PROBLEM DESCRIPTION: Your copy should start at the line with "When system pressure" and end at the line with "Now we show" in the data below. Transcribe only those lines, exactly, pictures excluded.

Start of RECORDS SHOWN

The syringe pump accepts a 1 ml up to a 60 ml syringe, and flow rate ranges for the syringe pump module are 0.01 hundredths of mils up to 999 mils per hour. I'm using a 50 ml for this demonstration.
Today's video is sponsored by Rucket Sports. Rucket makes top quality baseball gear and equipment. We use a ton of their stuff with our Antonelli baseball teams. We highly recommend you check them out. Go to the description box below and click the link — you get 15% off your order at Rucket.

End of RECORDS SHOWN
Start of RECORDS SHOWN

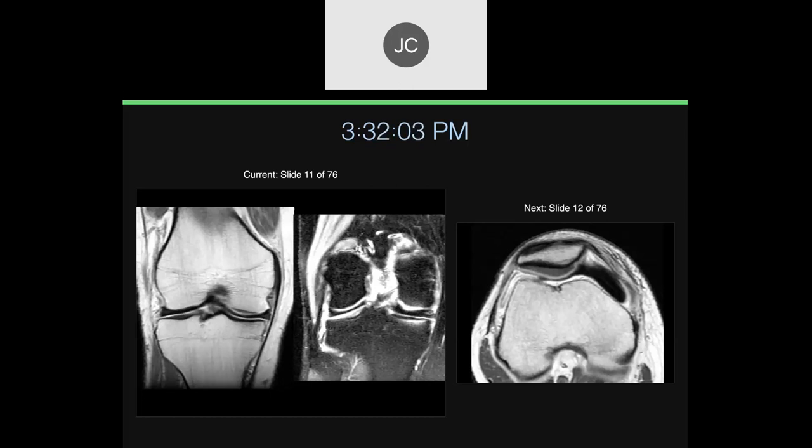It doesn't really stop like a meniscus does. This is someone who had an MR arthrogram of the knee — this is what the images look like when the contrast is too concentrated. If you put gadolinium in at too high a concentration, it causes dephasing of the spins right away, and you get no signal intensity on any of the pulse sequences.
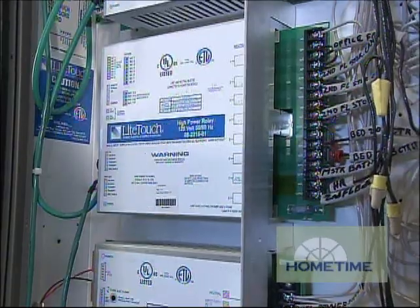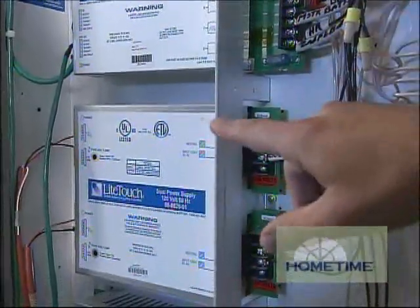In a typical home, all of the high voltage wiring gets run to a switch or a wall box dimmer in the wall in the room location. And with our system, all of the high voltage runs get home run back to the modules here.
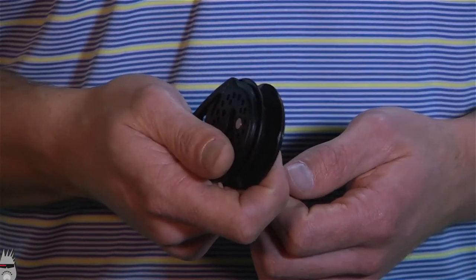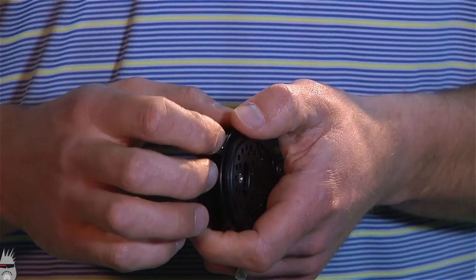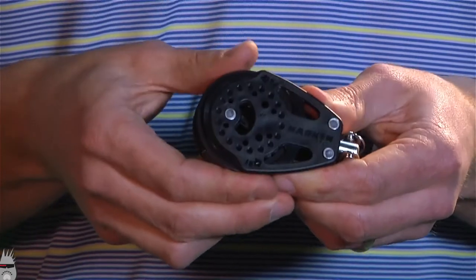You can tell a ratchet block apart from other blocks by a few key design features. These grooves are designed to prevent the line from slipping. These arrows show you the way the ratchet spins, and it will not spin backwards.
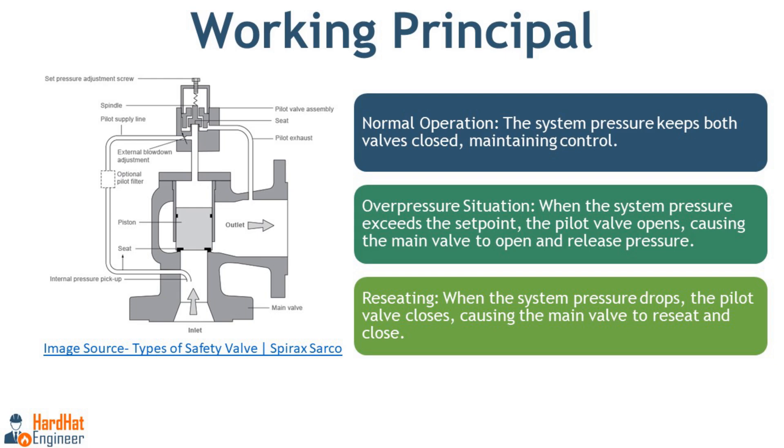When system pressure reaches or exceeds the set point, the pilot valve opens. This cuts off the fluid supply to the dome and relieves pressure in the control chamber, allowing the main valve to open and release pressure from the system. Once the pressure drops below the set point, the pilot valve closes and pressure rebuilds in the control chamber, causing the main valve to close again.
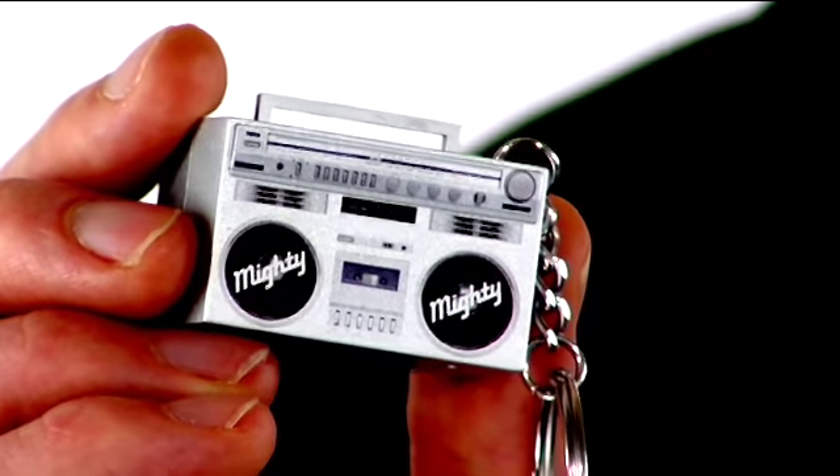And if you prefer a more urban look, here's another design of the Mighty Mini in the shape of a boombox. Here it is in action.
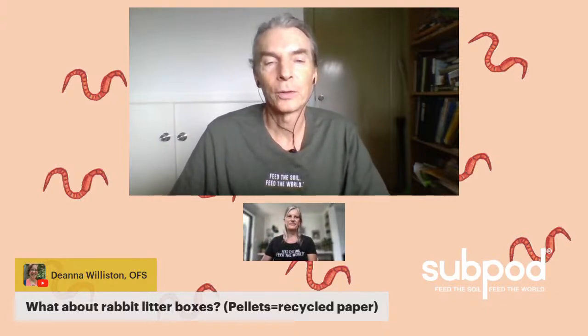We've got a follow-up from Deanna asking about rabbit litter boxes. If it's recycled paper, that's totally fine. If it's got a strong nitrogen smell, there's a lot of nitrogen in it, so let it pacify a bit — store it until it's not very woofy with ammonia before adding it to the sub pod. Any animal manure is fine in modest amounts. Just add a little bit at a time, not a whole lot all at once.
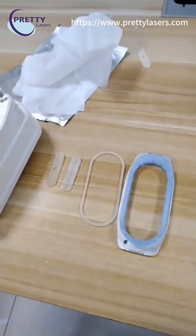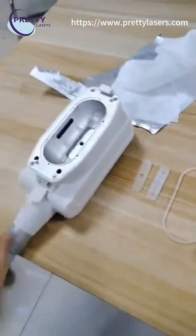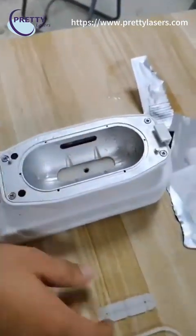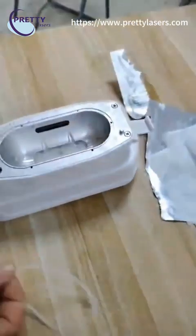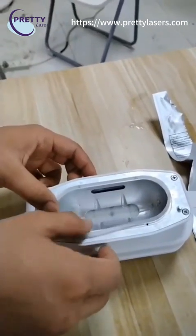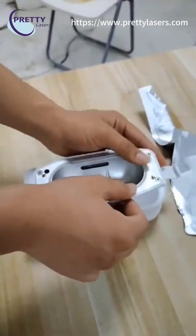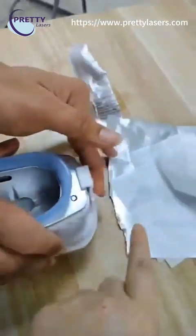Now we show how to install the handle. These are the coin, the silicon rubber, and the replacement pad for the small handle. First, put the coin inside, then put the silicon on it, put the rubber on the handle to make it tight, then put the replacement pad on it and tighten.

End of RECORDS SHOWN
Start of RECORDS SHOWN

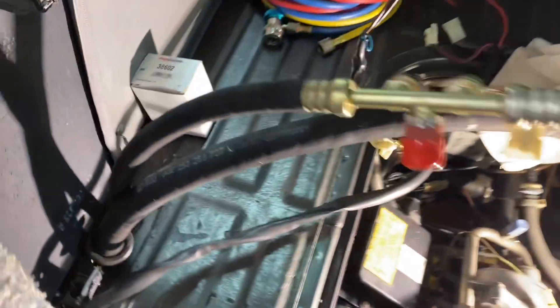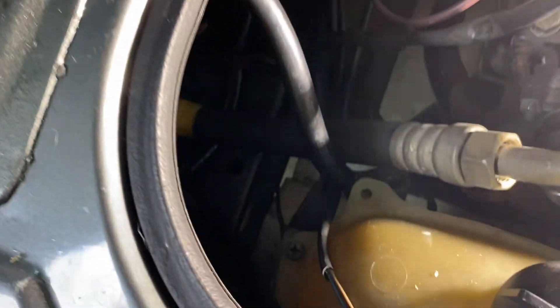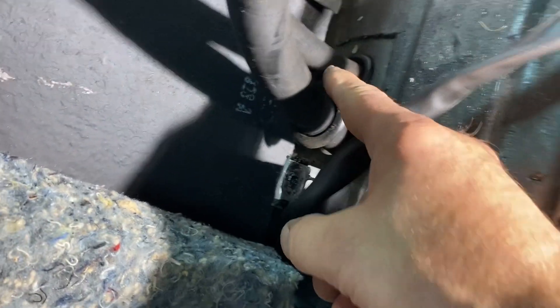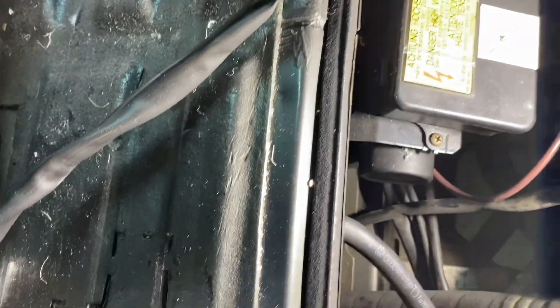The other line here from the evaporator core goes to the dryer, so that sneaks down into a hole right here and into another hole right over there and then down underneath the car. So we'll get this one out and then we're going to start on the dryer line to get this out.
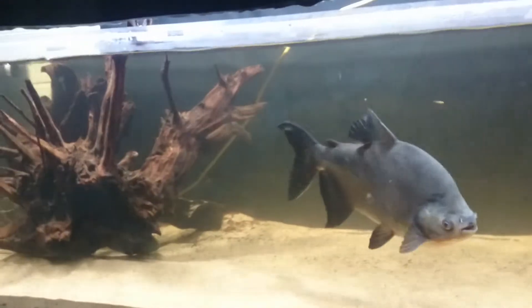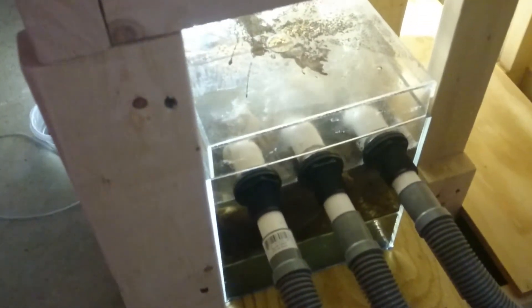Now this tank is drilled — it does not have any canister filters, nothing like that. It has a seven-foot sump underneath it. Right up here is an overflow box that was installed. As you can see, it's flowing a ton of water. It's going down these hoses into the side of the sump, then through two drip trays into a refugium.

End of RECORDS SHOWN

ANSWER:
When system pressure reaches or exceeds the set point, the pilot valve opens. This cuts off the fluid supply to the dome and relieves pressure in the control chamber, allowing the main valve to open and release pressure from the system. Once the pressure drops below the set point, the pilot valve closes and pressure rebuilds in the control chamber, causing the main valve to close again.
And if you prefer a more urban look, here's another design of the Mighty Mini in the shape of a boombox. Here it is in action.
We've got a follow-up from Deanna asking about rabbit litter boxes. If it's recycled paper, that's totally fine. If it's got a strong nitrogen smell, there's a lot of nitrogen in it, so let it pacify a bit — store it until it's not very woofy with ammonia before adding it to the sub pod. Any animal manure is fine in modest amounts. Just add a little bit at a time, not a whole lot all at once.
Now we show how to install the handle. These are the coin, the silicon rubber, and the replacement pad for the small handle. First, put the coin inside, then put the silicon on it, put the rubber on the handle to make it tight, then put the replacement pad on it and tighten.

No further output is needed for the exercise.